She shared, as tears rained from both of our eyes, remorse and apologies for being so callous. It was a beautiful moment that utterly evolved both of our hearts. I am eternally grateful for her courage and strength to see things differently.

But it also made me think back at how often I myself had been shamed since a child for my desires, my affections, my proclivities, by peers, parents, culture itself in its broken mirroring. How often that happens to us all and then internalized as we become our own relentless and ruthless persecutors. It's a tired tragedy.

I know that's a human thing, not a man dilemma. Yet, our culture does a poor job acknowledging and stewarding the innocent sensitivity of boys into manhood, largely by discouraging their feelings, whereas women tend to be more celebrated for their emotionality. The deep scarcity of honouring the feeling nature of men has ravaged too many hearts.

It doesn't mean the rise of BETA males. Not at all.
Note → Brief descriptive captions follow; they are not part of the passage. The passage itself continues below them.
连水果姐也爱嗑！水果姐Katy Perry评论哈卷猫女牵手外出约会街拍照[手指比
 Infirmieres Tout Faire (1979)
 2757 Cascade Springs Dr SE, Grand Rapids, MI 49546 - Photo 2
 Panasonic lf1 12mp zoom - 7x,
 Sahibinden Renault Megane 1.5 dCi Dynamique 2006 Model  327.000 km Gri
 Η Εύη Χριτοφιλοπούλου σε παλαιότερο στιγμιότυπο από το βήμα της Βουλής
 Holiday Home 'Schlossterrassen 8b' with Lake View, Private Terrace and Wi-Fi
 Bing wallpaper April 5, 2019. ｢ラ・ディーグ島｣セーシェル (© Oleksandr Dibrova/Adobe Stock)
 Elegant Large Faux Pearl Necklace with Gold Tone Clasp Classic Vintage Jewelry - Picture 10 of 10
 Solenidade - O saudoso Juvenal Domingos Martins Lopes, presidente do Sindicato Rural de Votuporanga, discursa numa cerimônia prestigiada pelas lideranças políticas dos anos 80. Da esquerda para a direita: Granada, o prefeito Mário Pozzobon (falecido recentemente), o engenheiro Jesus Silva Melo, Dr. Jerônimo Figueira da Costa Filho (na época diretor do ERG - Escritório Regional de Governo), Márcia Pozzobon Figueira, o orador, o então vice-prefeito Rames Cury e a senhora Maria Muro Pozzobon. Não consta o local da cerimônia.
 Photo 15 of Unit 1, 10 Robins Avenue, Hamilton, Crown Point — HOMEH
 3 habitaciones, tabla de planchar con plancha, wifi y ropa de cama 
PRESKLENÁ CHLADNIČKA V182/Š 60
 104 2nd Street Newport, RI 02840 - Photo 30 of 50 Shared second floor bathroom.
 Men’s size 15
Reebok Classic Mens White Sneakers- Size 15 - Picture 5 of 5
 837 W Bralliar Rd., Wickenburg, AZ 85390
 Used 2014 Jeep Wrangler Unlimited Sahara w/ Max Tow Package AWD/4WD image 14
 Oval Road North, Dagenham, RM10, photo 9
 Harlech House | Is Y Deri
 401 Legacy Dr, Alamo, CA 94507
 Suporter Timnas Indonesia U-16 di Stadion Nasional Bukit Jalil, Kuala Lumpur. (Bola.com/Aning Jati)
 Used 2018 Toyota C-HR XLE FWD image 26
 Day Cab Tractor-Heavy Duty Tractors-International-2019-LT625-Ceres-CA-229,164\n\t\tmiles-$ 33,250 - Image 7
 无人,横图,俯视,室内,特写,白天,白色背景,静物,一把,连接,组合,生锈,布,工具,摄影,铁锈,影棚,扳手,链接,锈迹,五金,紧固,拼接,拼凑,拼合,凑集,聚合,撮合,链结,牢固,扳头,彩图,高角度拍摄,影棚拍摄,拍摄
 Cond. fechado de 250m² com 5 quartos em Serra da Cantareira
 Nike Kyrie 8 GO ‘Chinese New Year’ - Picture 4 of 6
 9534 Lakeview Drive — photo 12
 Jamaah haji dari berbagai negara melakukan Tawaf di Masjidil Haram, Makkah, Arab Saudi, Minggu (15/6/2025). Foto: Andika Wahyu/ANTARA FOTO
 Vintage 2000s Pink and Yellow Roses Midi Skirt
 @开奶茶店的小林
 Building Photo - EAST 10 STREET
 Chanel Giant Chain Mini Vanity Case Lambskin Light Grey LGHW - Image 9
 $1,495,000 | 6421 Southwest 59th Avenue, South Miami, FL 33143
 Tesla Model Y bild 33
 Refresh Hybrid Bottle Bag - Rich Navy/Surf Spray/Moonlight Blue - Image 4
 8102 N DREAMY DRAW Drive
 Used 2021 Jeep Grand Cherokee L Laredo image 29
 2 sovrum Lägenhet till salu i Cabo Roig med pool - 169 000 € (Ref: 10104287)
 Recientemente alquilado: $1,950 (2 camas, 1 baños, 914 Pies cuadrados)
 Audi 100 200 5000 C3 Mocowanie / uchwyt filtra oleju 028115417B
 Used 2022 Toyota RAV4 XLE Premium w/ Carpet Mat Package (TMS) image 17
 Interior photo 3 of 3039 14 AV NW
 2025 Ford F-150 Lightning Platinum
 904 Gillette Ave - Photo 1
If anything, it redefines what ALPHA means.

It's a mastery of a man who can give love so fully he penetrates the world with his radiance and virtue AND yet can also receive love; be held; feel protection from those around him who have his back and women too whose embraces make his innocence feel protected enough to bloom the flowers of his vulnerability.

Boys do cry. So beautifully. So wonderfully. May they cry rivers that carry them through their manhood, blessing them with hearts full enough to feel enough to love strong enough to be real men; real strong, soft, loving warriors of soul...

Kings of the Heart, it is time to rise and to place love on the throne. It is time for the sensitivity in men to be honoured and made into the rightful balancer for all of our incredible mightiness. May it be.